If you watch “Casablanca” and “Fury,” you’ll have two very different pictures of World War II. On top of the vastly different settings, everything from technology of filmmaking, to the tone of the film, to the style of acting, to the overall messages and themes–they’re all different. Much of this is simply due to different story lines and the fact that “Casablanca” focuses on romance as well as war, but the different attitudes toward war are palpably different as one was produced 72 years before the other.
In 2014, I read multiple books on a timeline starting before WWI and ending after the Great Depression. I was fascinated at how, sticking to a timeline instead of authors or series, you could see and feel the change of society as a whole, as they entered and exited the Great War.
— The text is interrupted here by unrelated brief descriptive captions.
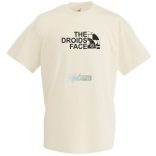 Droid Face férfi rövid ujjú póló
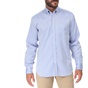 BROOKSFIELD-Ανδρικό πουκάμισο BROOKSFIELD REGULAR FIT μπλε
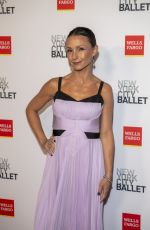 GEORGINA BLOOMBERG at New York City Ballet 2024 Fall Fashion Gala in New York 10/09/2024
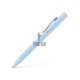 ΣΕΤ ΔΩΡΟΥ FABER CASTELL ΠΕΝΑ Μ & ΣΤΥΛΟ ΣΕ ΜΕΤΑΛΛΙΚΟ ΚΟΥΤΙ SKY BLUE 201524
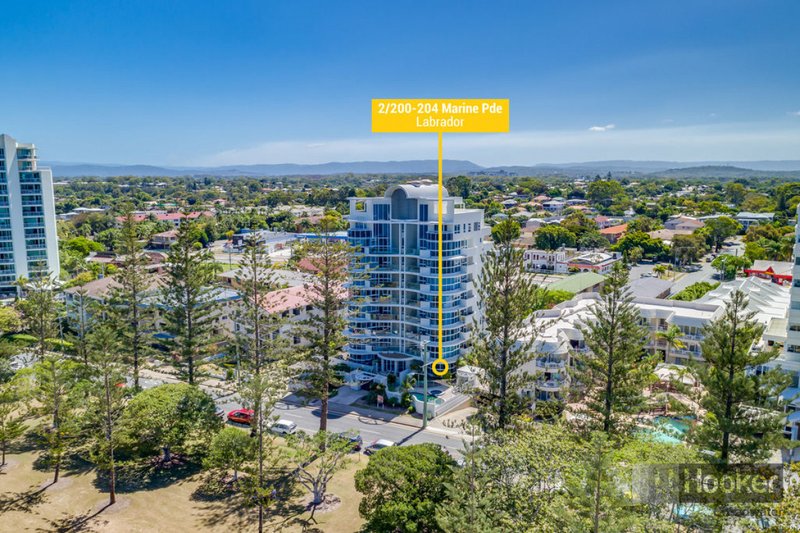 2/200-204 Marine Parade, Labrador QLD 4215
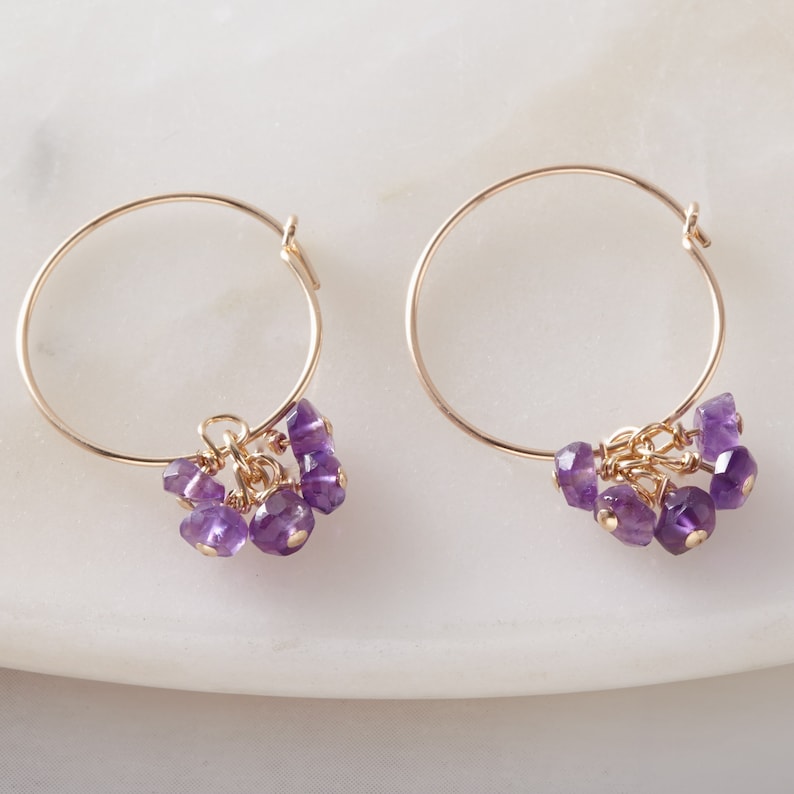 Moonstone and pearl Earrings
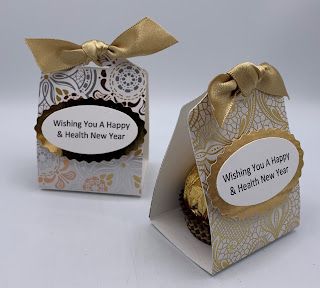 Ferrero Rocher Gift, Eid Hampers, Candy Labels, Crafts For Seniors, Happy Wishes, I Am Back, Ferrero Rocher, Diy Gift Box, New Year Wishes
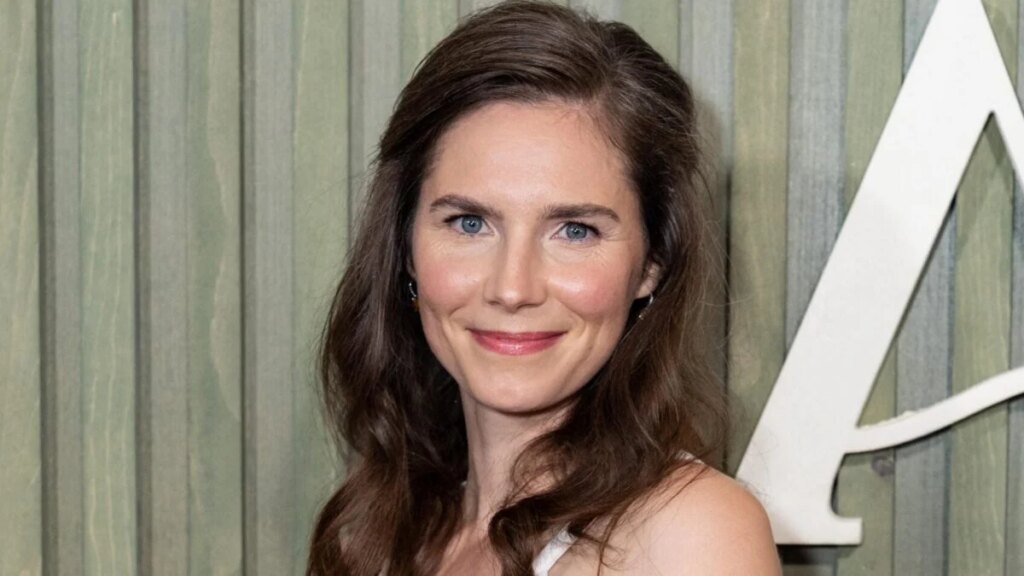 Amanda Knox Relates To Lindsay Clancy’s Ex-Husband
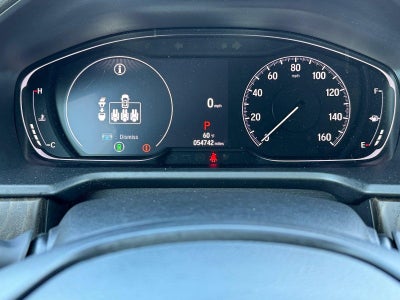 2022 Honda Accord Sedan EX-L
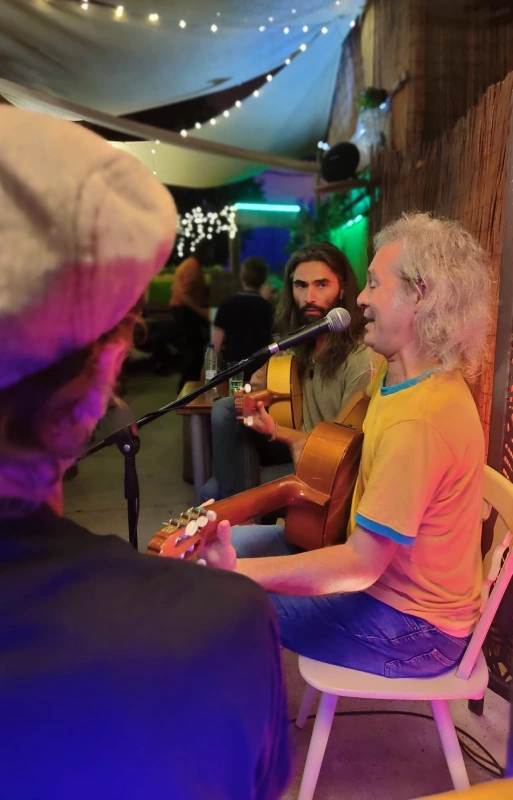 Concierto en La Tasca.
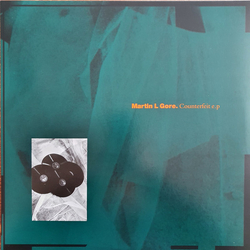 Martin L. Gore Counterfeit E.P Vinyl 12" USED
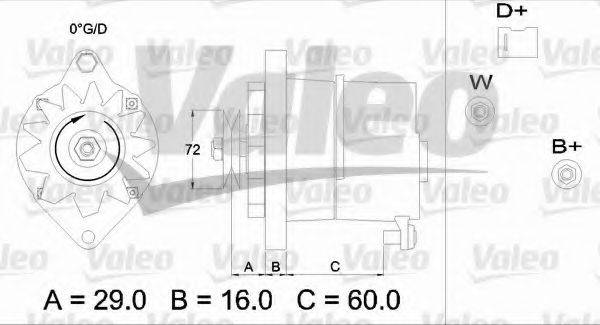 VALEO 433482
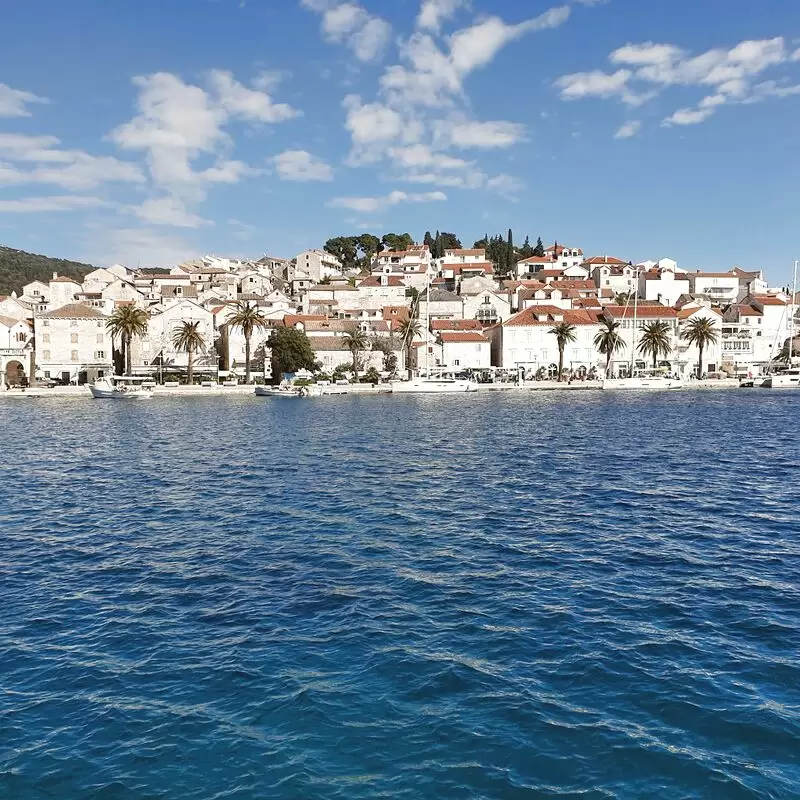 Port of Hvar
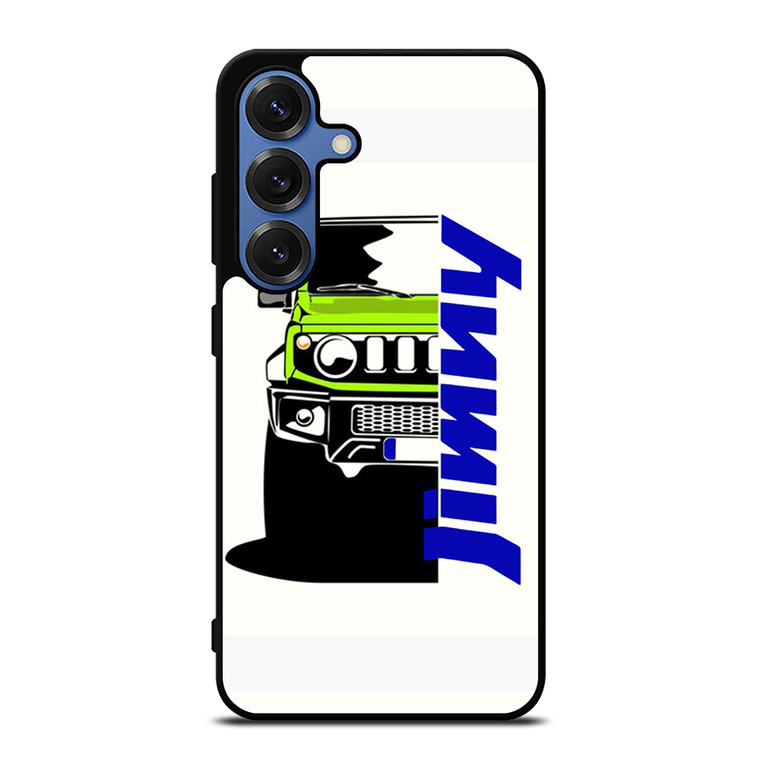 SUZUKI JIMNY ART Samsung Galaxy S26 Case Cover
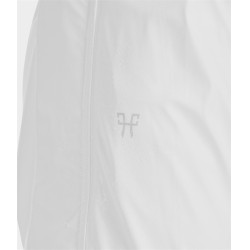 Calça Raintech Horse Pilot unissex Branco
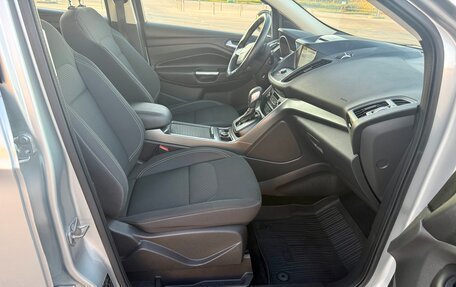 Ford Kuga III, 2018 год, 1 549 000 рублей, 25 фотография
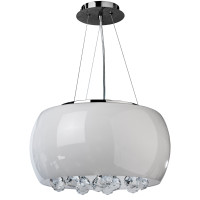 Lampa wisząca Quince 40 Wiszaca/Top AZ0701 | Azzardo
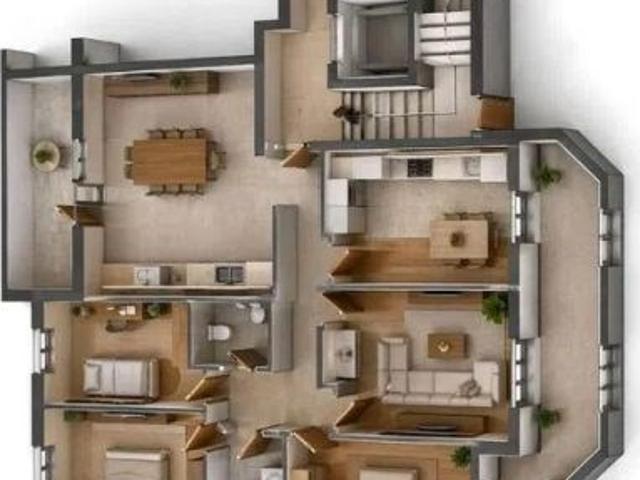 Vendesi appartamento a Termoli via Volturno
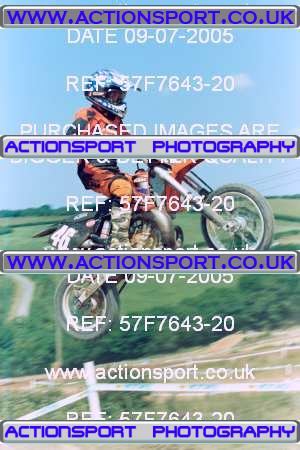 Photo: 57F7643-20 ActionSport Photography 09/07/2005 BSMA National Cornwall SSC - Torrington  _8_65s #46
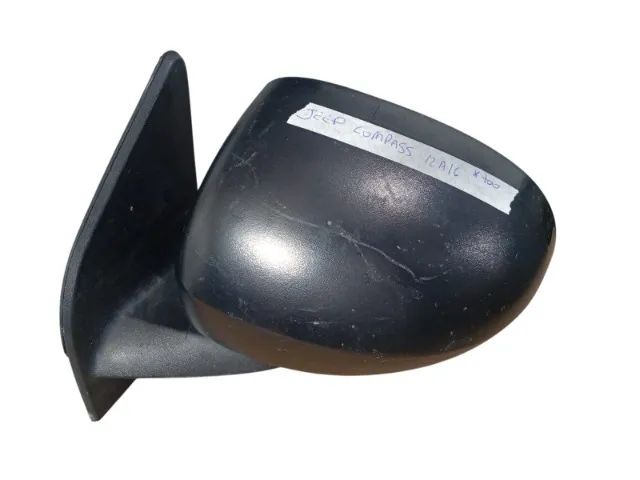 RETROVISOR ELÉTRICO L/E JEEP COMPASS 12/16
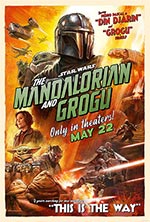 Žvaigždžių karai: Mandalorietis ir Grogu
The devastating effects can be read about in the history books, and they can be felt through fiction.
Since movies were my first love, I began to wonder if they would follow similar trends. There are a lot of things that books have that films cannot offer–an in-depth look at a character’s mind, words, using your own imagination to your advantage– to name a few. But there are also things that film can offer that books cannot–a total sensory immersion, the raw emotion as actors play out a scene as a compelling score plays in the background. They both have things to offer, and good artists, be it filmmakers or authors, play to those advantages.
I fired up my Netflix account and tried to see if I could do with films what I had done with early 19th century American literature–after all, 2 hour movies were being produced since well before WWII. To my dismay, many popular old war movies were difficult to find. I wound up subscribing to the Netflix DVD service, which has pretty much every DVD I could possibly be interested in.